Values of molecular weight between cross-links based on the Dušek model.

Values of molecular weight between cross-links based on the Dušek model. An investigation was conducted to understand the influence of the initial solvent content on dry density and Tg to determine whether polymer networks with substantially larger Mc values were truly formed. In our earlier research work, we presented the formation of porous aerogels upon supercritical extraction of a sacrificial solvent that was present during epoxy-amine polyaddition reactions.[18] Drying under supercritical conditions eliminates capillary forces. Because of the relatively low temperatures and limited relaxation of elastic chains, pore structures were created during carbon dioxide evaporation. It should be noted that the supercritical extraction process was not completely free from shrinkage of a polymer network, since the solubility mismatch between the polymer network and the liquid carbon dioxide causes pore structures to slightly shrink or collapse. To verify, the densities of selected samples were measured using the water displacement method in view of ASTM D792. Accordingly, the densities of supercritically dried aerogels were increased upon thermal annealing as the pores collapsed. For example, the density of Epon828-PACM (8 TEA) increased from approximately 0.3 to around 1.2 gr/cc upon thermal annealing. It was observed that the density values of the aerogels after thermal annealing were comparable to those of the dense polymer networks (0 TEA, Epon828-PACM). The increase in density upon thermal annealing suggests that pore structures, which were formed upon CO2 evaporation during supercritical extraction, collapse to a great extent. We have shown, in another publication, that these thermally annealed fully cured polymer networks comprise molecular structures with altered topologies.[24,25] In view of the cited literature, the presence of an inert solvent during poly-condensation cure, in fact, changes the directionality of covalent bond formations. Extracting the solvent in a postcure thermal step provides a polymer network with an identical density and Tg to that of the dense structures. However, the altered molecular topology was found to provide unique mechanical characteristics, particularly large-strain mechanical performance, to the resulting polymer systems. The whole concept is schematically represented in Figure .
Figure 2

Probable states of (a) dense polymer network structure (0 TEA); (b) fully reacted polymer network structure in the presence of THF; (c) porous polymer structure after removing the solvent from structure (b) via a supercritical extraction process; and (d) dense polymer structure with altered topology after thermally annealing structure (c).

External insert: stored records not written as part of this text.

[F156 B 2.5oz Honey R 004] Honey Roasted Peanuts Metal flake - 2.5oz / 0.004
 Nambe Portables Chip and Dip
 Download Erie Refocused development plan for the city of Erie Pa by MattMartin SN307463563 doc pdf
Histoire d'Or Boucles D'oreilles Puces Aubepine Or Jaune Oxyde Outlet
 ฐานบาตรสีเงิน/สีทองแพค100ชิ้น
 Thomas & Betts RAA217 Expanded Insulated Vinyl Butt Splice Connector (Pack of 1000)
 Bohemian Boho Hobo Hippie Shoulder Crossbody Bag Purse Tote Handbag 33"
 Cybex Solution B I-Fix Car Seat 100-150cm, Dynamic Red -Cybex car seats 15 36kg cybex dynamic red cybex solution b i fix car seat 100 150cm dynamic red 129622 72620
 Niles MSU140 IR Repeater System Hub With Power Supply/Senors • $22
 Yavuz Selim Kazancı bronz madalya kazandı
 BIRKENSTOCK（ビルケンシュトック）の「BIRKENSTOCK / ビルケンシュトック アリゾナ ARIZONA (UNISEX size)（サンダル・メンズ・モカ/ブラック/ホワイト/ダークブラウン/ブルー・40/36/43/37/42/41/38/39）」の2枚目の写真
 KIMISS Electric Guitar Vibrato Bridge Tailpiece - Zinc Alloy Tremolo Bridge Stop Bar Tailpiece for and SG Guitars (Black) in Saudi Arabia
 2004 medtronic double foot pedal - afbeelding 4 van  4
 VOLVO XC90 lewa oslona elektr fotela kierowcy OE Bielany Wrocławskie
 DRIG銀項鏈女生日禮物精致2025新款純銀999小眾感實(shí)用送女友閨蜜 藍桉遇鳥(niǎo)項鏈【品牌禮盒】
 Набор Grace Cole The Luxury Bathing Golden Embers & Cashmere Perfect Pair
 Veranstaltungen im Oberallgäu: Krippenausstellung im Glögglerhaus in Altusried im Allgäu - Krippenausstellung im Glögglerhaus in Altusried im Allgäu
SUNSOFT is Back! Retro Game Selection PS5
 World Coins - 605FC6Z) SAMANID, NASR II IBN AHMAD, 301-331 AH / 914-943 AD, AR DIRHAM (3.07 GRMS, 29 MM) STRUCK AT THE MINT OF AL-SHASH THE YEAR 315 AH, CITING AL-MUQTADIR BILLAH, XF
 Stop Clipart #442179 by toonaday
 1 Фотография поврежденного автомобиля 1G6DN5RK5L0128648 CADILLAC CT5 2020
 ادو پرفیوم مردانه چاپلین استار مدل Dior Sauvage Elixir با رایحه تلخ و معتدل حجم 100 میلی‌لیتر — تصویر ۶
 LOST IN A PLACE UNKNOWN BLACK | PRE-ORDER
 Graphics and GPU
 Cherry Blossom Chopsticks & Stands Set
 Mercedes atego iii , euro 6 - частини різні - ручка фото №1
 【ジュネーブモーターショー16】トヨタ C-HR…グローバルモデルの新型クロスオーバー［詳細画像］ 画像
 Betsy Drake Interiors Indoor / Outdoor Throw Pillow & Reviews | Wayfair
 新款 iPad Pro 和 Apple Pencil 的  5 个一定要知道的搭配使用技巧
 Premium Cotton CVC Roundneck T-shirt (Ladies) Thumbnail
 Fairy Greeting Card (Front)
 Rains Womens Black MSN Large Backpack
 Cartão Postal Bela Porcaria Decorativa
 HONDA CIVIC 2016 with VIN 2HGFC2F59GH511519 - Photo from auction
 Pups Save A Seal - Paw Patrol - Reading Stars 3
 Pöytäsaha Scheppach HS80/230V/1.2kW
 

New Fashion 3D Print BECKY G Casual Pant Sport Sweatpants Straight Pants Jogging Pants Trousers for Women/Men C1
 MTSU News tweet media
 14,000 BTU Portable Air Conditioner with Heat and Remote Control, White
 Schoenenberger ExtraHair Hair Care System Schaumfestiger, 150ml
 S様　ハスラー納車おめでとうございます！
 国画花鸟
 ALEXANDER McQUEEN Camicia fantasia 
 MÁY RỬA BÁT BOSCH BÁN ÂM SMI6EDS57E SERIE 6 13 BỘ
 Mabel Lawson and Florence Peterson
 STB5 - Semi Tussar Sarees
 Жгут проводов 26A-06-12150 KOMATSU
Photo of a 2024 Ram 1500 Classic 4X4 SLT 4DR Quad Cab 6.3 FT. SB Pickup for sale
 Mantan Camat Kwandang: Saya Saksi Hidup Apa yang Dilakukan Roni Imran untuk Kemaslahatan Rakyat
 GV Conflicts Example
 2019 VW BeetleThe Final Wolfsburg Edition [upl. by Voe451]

Probable states of (a) dense polymer network structure (0 TEA); (b) fully reacted polymer network structure in the presence of THF; (c) porous polymer structure after removing the solvent from structure (b) via a supercritical extraction process; and (d) dense polymer structure with altered topology after thermally annealing structure (c).

Thermal Analysis

Values of glass transition temperature for supercritically dried samples, or aerogels, were measured using a DSC. The average Tg values and their associated error bars (from at least three replicates) for each system are shown in Figure .
Figure 3

Glass transition temperature values for supercritically dried samples. X-axis is the volume fraction of the solvent in the gels prior to supercritical extraction/drying.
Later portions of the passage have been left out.